Exam Name: AWS Certified Machine Learning Engineer – Associate

Exam Code: MLA-C01

Related Certification(s): Amazon Associate Certification

Certification Provider: Amazon

Actual Exam Duration: 130 Minutes

Number of MLA-C01 Practice Questions: 207 (updated: )

Expected MLA-C01 Exam Topics, as suggested by Amazon:
Topic 1: Data Preparation for Machine Learning (ML)
This section of the exam measures skills of Forensic Data Analysts and covers collecting, storing, and preparing data for machine learning. It focuses on understanding different data formats, ingestion methods, and AWS tools used to process and transform data. Candidates are expected to clean and engineer features, ensure data integrity, and address biases or compliance issues, which are crucial for preparing high-quality datasets in fraud analysis contexts.
Topic 2: ML Model Development
This section of the exam measures skills of Fraud Examiners and covers choosing and training machine learning models to solve business problems such as fraud detection. It includes selecting algorithms, using built-in or custom models, tuning parameters, and evaluating performance with standard metrics. The domain emphasizes refining models to avoid overfitting and maintaining version control to support ongoing investigations and audit trails.
Topic 3: Deployment and Orchestration of ML Workflows
This section of the exam measures skills of Forensic Data Analysts and focuses on deploying machine learning models into production environments. It covers choosing the right infrastructure, managing containers, automating scaling, and orchestrating workflows through CI/CD pipelines. Candidates must be able to build and script environments that support consistent deployment and efficient retraining cycles in real-world fraud detection systems.
Topic 4: ML Solution Monitoring, Maintenance, and Security
This section of the exam measures skills of Fraud Examiners and assesses the ability to monitor machine learning models, manage infrastructure costs, and apply security best practices. It includes setting up model performance tracking, detecting drift, and using AWS tools for logging and alerts.

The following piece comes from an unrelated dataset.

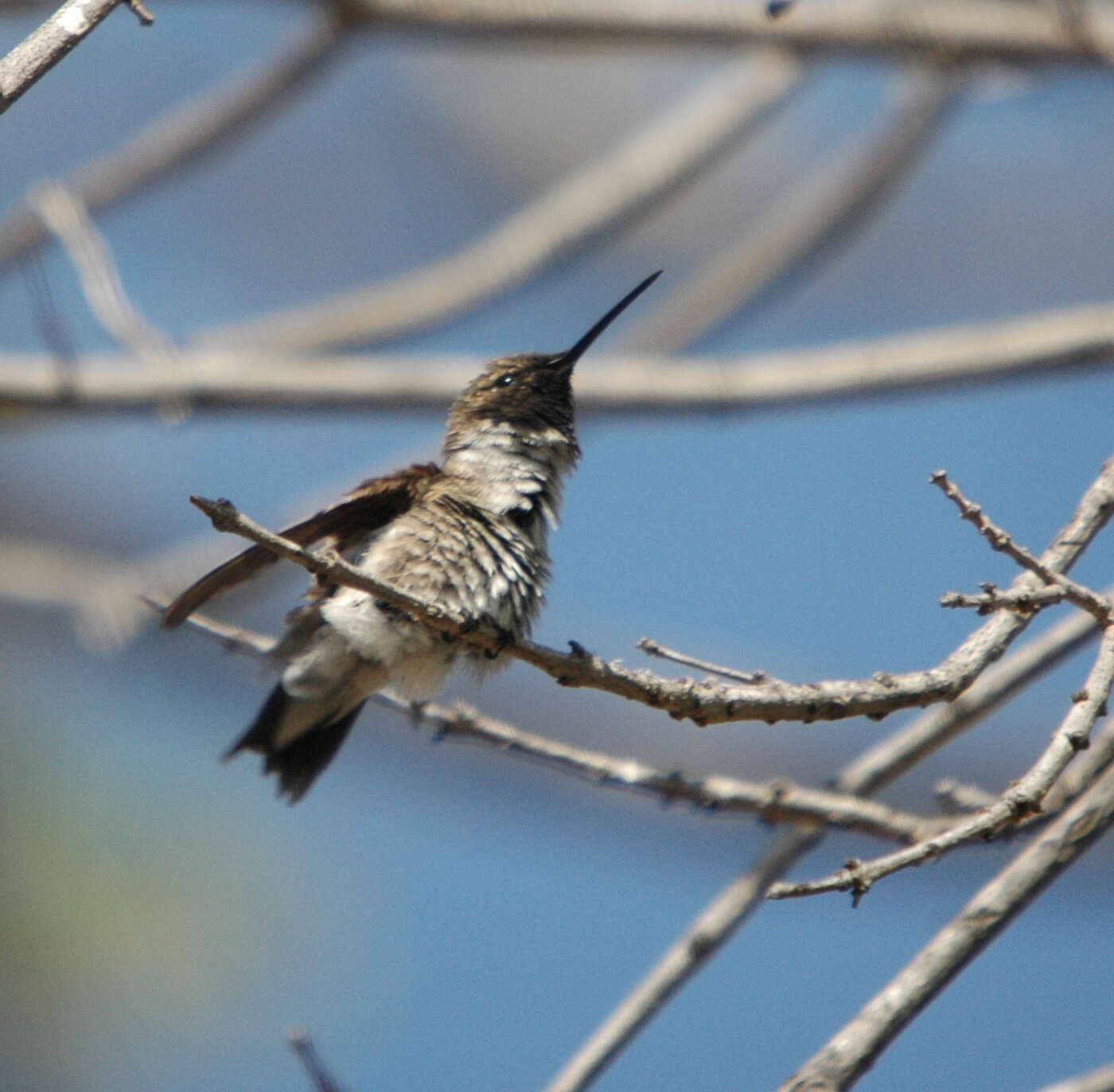 Image of Black-chinned Hummingbird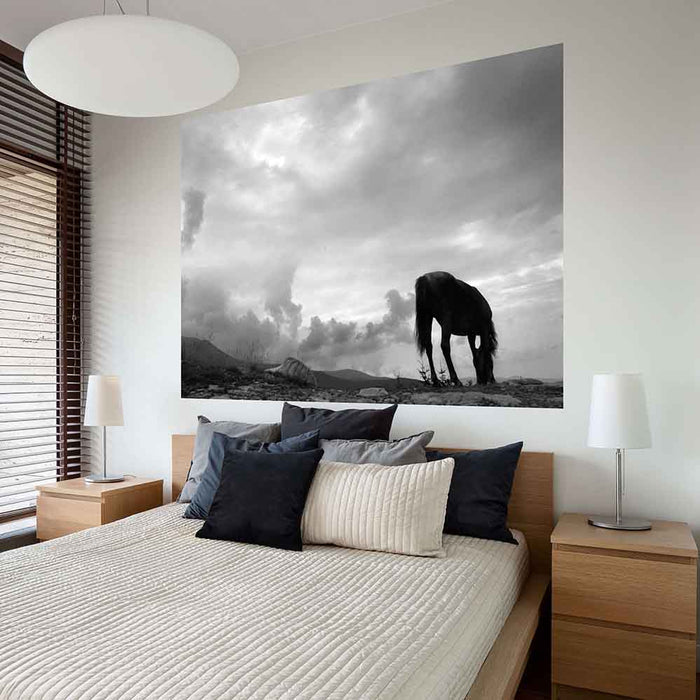 72 inch Grazing Horse Decal Installed Above Bed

Candidates are also tested on configuring access controls, auditing environments, and maintaining compliance in sensitive data environments like financial fraud detection.
Free AWS MLA-C01 Exam Actual Questions
Note: AWS MLA-C01 Premium Questions were last updated on

Q1#

An ML engineer is setting up a CI/CD pipeline for an ML workflow in Amazon SageMaker AI.
The pipeline must automatically retrain, test, and deploy a model whenever new data is uploaded to an Amazon S3 bucket.
New data files are approximately 10 GB in size.
The ML engineer also needs to track model versions for auditing.

Which solution will meet these requirements?

Q2#

An ML engineer needs to use Amazon SageMaker to fine-tune a large language model (LLM) for text summarization.
The ML engineer must follow a low-code no-code (LCNC) approach.

Which solution will meet these requirements?

Q3#

A company has used Amazon SageMaker to deploy a predictive ML model in production.
The company is using SageMaker Model Monitor on the model.
After a model update, an ML engineer notices data quality issues in the Model Monitor checks.

What should the ML engineer do to mitigate the data quality issues that Model Monitor has identified?

Q4#

An ML engineer needs to implement a solution to host a trained ML model.
The rate of requests to the model will be inconsistent throughout the day.

The ML engineer needs a scalable solution that minimizes costs when the model is not in use.
The solution also must maintain the model’s capacity to respond to requests during times of peak usage.

Which solution will meet these requirements?

Q5#

An ML engineer needs to use Amazon SageMaker to fine-tune a large language model (LLM) for text summarization.
The ML engineer must follow a low-code no-code (LCNC) approach.

Which solution will meet these requirements?